Les auteurs considèrent la géométrie élémentaire selon une axiomatique euclidienne en tenant compte des toutes les dimensions de l’activité géométrique : rapport aux figures, aux instruments, au langage, à la preuve. Dans cette perspective, il s’agit de penser la continuité entre une géométrie physique liée aux perceptions, à l’utilisation d’instruments (Géométrie GI), et une géométrie théorique basée sur les propriétés et sur les démonstrations (Géométrie GII). Cette continuité est liée à deux modélisations possibles des problèmes rencontrés dans l’espace sensible : la modélisation analogique qui passe par des schémas, croquis, dessins, et la modélisation spacio-géométrique qui passe par des connaissances géométriques (théorèmes, propriétés). Les auteurs vont donc définir trois espaces : l’espace sensible, l’espace géométrique et l’espace graphique des représentations. Ils font l’hypothèse qu’un travail spécifique de ce dernier doit permettre l’appréhension de concepts théoriques à partir de l’espace sensible.

La géométrie des tracés (sans prise en compte des mesures) peut s’appuyer sur la manipulation d’instruments porteurs des concepts géométriques. Une analyse précise de ces instruments peut amener les enseignants à repenser leur équipement (règle non graduée, gabarits, règle non informable, règle informable, reporteur de longueur…) et à comprendre comment cette variable didactique joue sur l’apprentissage. En particulier l’idée de « coût » associé à chaque instrument permet de contraindre les élèves à analyser leurs procédures et à penser de nouvelles stratégies. Le choix des instruments et des figures doit permettre aux élèves de développer les trois modes de visualisation définis par Duval (la juxtaposition ou superposition d’unités dans le dessin ; la déconstruction dimensionnelle en surface, droites et poins ; l’identification des étapes de construction).
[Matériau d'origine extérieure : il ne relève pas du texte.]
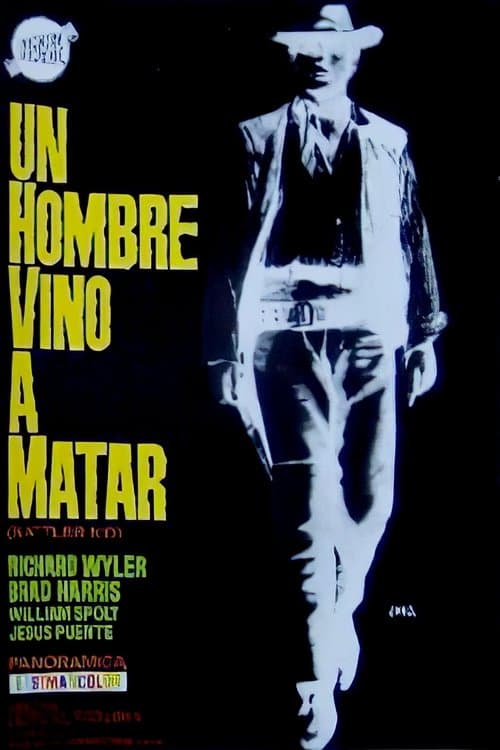 Un hombre vino a matarのポスター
Par ailleurs, les recherches sur la preuve et sur les aspects langagiers abordés au chapitre 4 attestent de la fonction d’expérimentation et de preuve des figures. L’objectif est de construire des situations d’enseignement conduisant les élèves à une utilisation des instruments porteuse des structures logiques de la démonstration en géométrie théorique. Le langage joue alors un rôle important, en particulier il semble essentiel de travailler la double désignation qui consiste à amener l’élève à désigner un même objet de différentes manières (par exemple : sommet d’un polygone, point, intersection de droites).
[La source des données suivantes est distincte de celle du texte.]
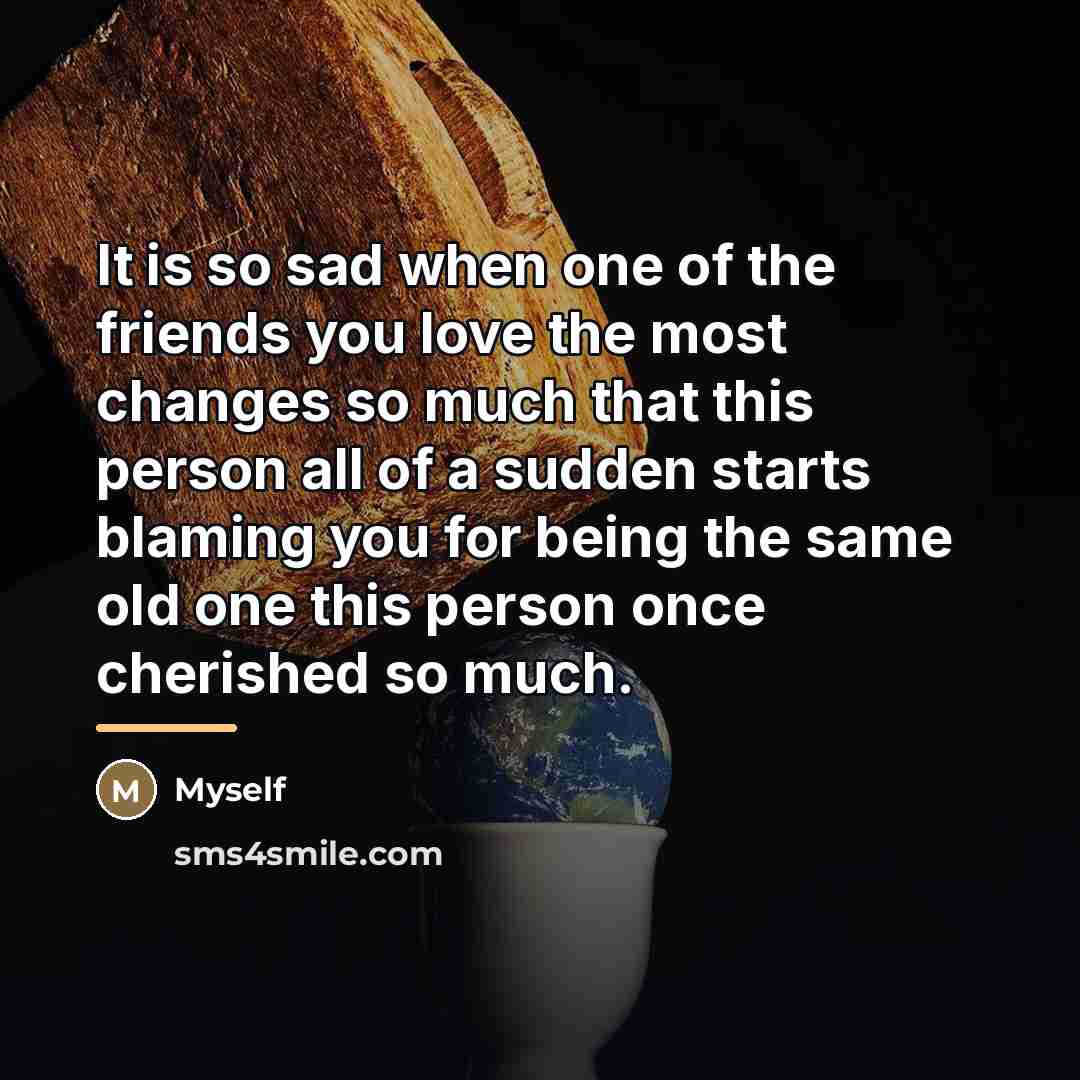 “It is so sad when one of the friends you…” quote by Myself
Enfin dans le cadre de la TSD, la situation fondamentale retenue est la reproduction de figures, les situations de formulation et de validation sont les messages oraux, écrits, sous forme de textes ou de schémas qui peuvent permettre d’identifier, reconnaître, reproduire, construire une figure. L’objet de travail est alors alternativement la figure et le texte qui définit l’objet géométrique représenté. Les instruments géométriques sont considérés comme un langage par leur dimension théorique. La mise en œuvre proposée joue sur des temps d’interaction des élèves sur des situations et des temps d’échanges langagiers et d’institutionnalisation.
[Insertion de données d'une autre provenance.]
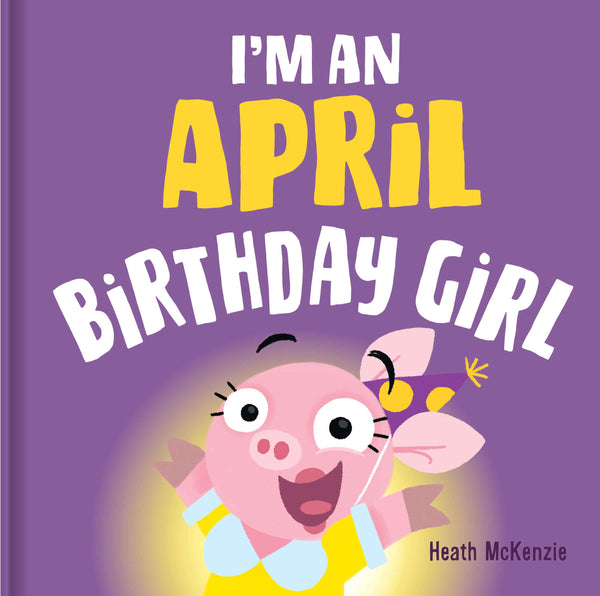 I'm an April Birthday Girl Vol. 2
Les situations proposées dans la partie 2 visent la coordination de trois dimensions : les différentes manières de voir les figures, le double rôle des instruments (matériel et théorique) et le langage géométrique. Les auteurs proposent donc des progressions du début du primaire au milieu du secondaire pour l’étude des solides, l’étude des figures planes, les droites et les points, les positions relatives de droites et la symétrie axiale. Les situations sont décrites, le choix des instruments précisé et mis en regard de ce qu’il s’agit d’institutionnaliser. Cette partie très concrète est un apport innovant au service des enseignants et de la formation. Il rompt avec les ressources habituelles et outille efficacement les enseignants pour une mise en œuvre dans les classes. La compréhension des enjeux nécessite cependant la lecture de la partie 1 plus ardue mais essentielle.